The task: Begin at the line that holds "Aquilegia Seeds" and retype every line through the end of the material, both included. Leave out the pictures.

══ Records provided

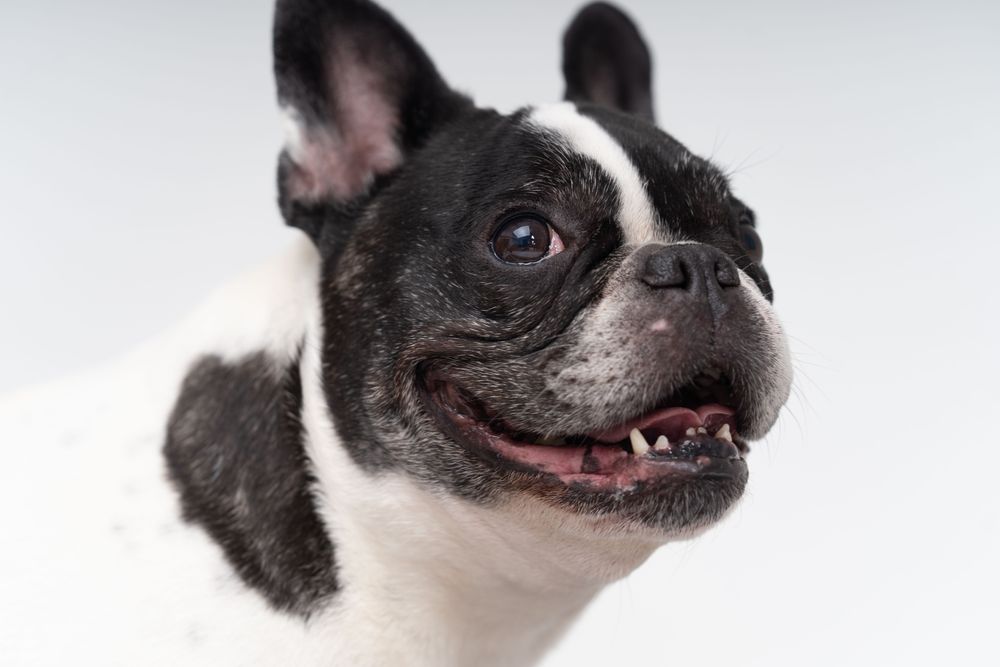 Cute small pitbull looking around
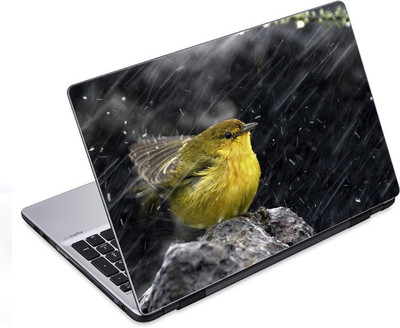 

ezyPRNT The Bird In Drizzle (14 to 14.9 inch) Vinyl Laptop Decal 14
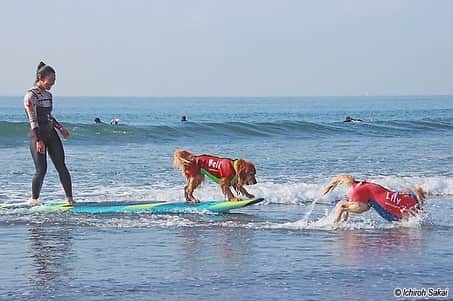 大村 奈央さんのインスタグラム写真 - (大村 奈央Instagram)「🐶🐶🏄‍♀️ #goldenretriever #surfingdogs #dogs #ベルサニ　#ゴールデンレトリバー　#犬」12月25日 22時26分 - naoomura
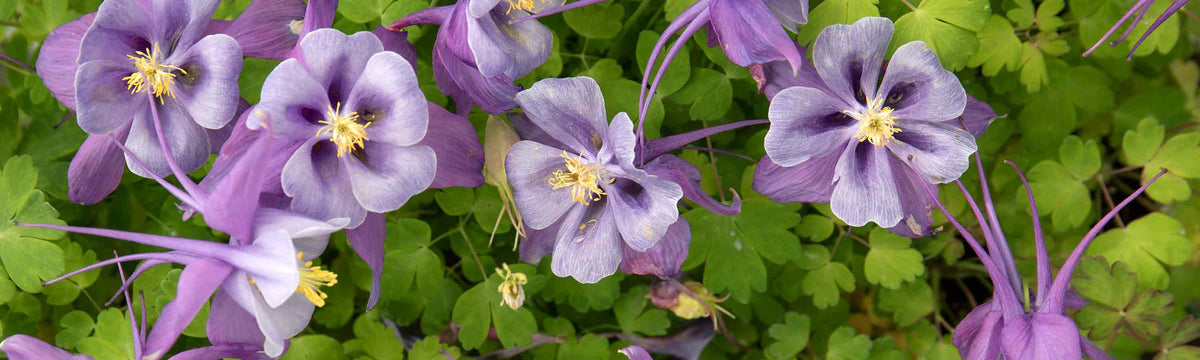 Aquilegia Seeds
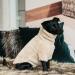 Kentucky Dogwear Dog Sweater Teddy Fleece Size: S/M Color: beige S/M beige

════

Result:
 Aquilegia Seeds
 Kentucky Dogwear Dog Sweater Teddy Fleece Size: S/M Color: beige S/M beige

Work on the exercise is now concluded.